START Input material

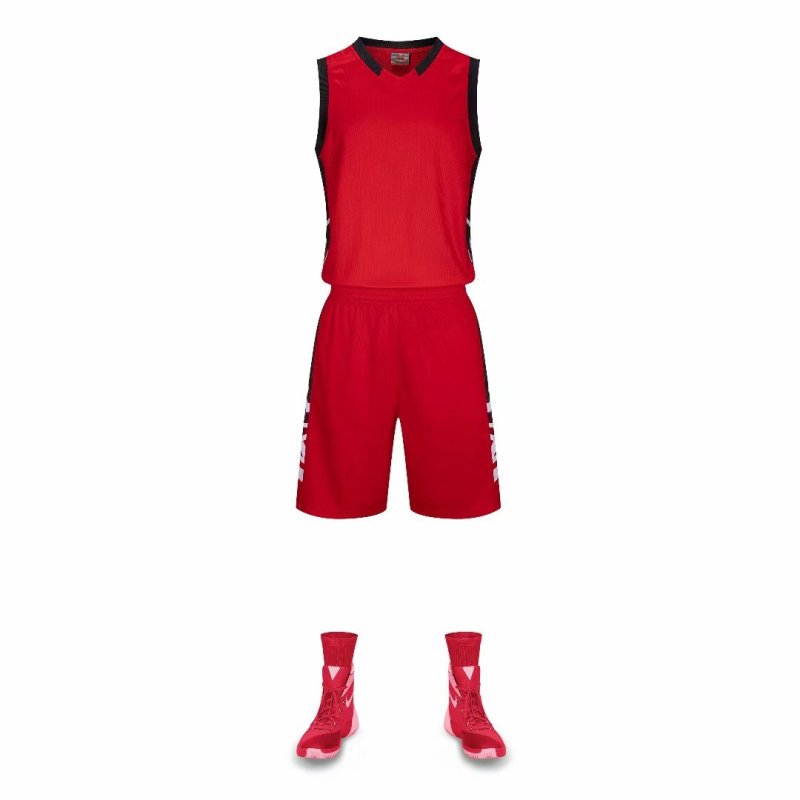Quick Dry Basketball Wear Custom Basketball Uniform Set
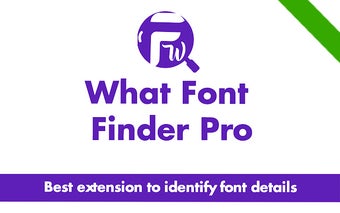 Font Finder by WhatFont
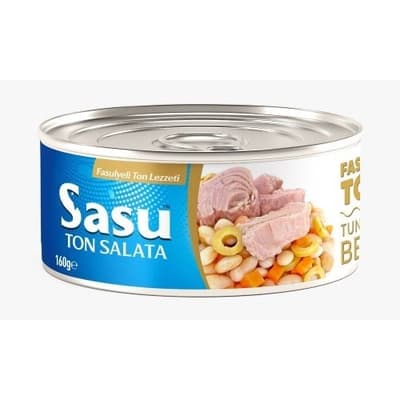 Fasulyeli Ton Balığı (160 gr) Sasu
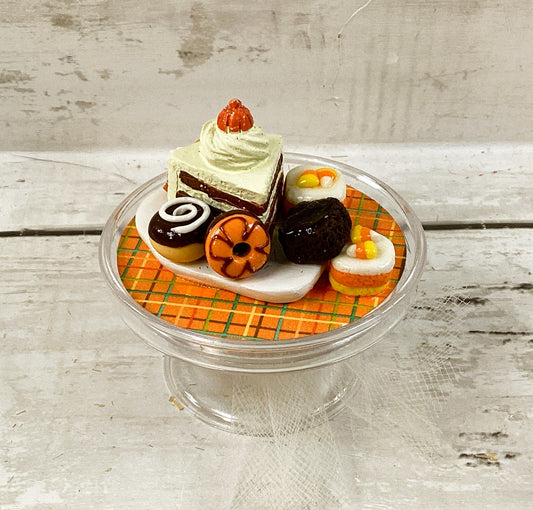 AGD Fall Decor - Miniature Pumpkin Spice Harvest Desserts Display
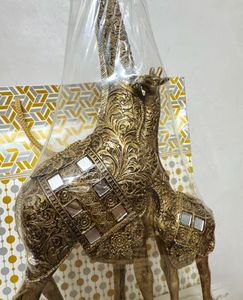 Giraffe Mother &amp; Baby Sculpture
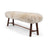 Theo Bench | New Zealand Long Wool Sheepskin | Dark Oil Oak Legs | 140x35x45 cm
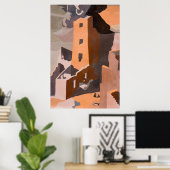 スクエアタワーハウスアットメサヴェルデ,コロラド ポスター (ホームオフィス)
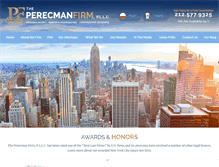 Tablet Screenshot of perecman.com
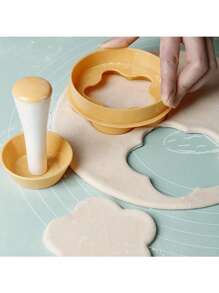 2 Stücke, Blumen Tortenheber und Tart-Tamper Set - ideal zum Backen von Tartes, Keksen und Keksn - Küchengeräte und Zubehör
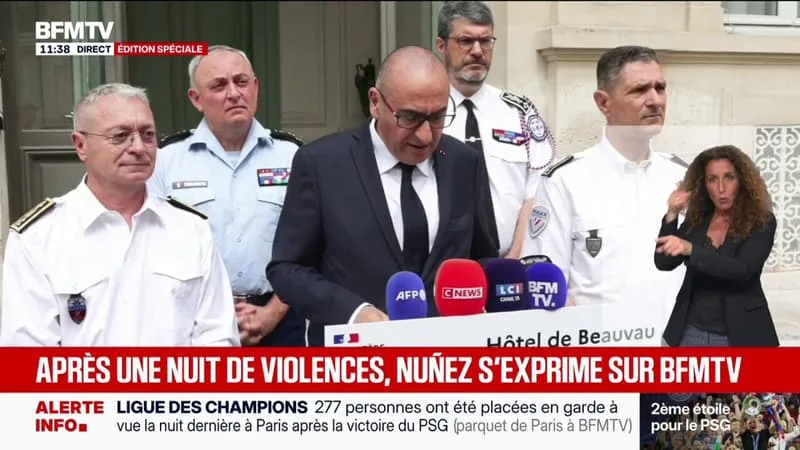 DÉBORDEMENTS EN MARGE DE LA VICTOIRE DU PSG: « LA SITUATION A ÉTÉ GLOBALEMENT SOUS CONTRÔLE », ASSURE LAURENT NUÑEZ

END Input material

Return each line above exactly; any pictures are to be skipped.

- Answer to the exercise -
Quick Dry Basketball Wear Custom Basketball Uniform Set
 Font Finder by WhatFont
 Fasulyeli Ton Balığı (160 gr) Sasu
 AGD Fall Decor - Miniature Pumpkin Spice Harvest Desserts Display
 Giraffe Mother &amp; Baby Sculpture
 Theo Bench | New Zealand Long Wool Sheepskin | Dark Oil Oak Legs | 140x35x45 cm
 スクエアタワーハウスアットメサヴェルデ,コロラド ポスター (ホームオフィス)
 Tablet Screenshot of perecman.com
 2 Stücke, Blumen Tortenheber und Tart-Tamper Set - ideal zum Backen von Tartes, Keksen und Keksn - Küchengeräte und Zubehör
 DÉBORDEMENTS EN MARGE DE LA VICTOIRE DU PSG: « LA SITUATION A ÉTÉ GLOBALEMENT SOUS CONTRÔLE », ASSURE LAURENT NUÑEZ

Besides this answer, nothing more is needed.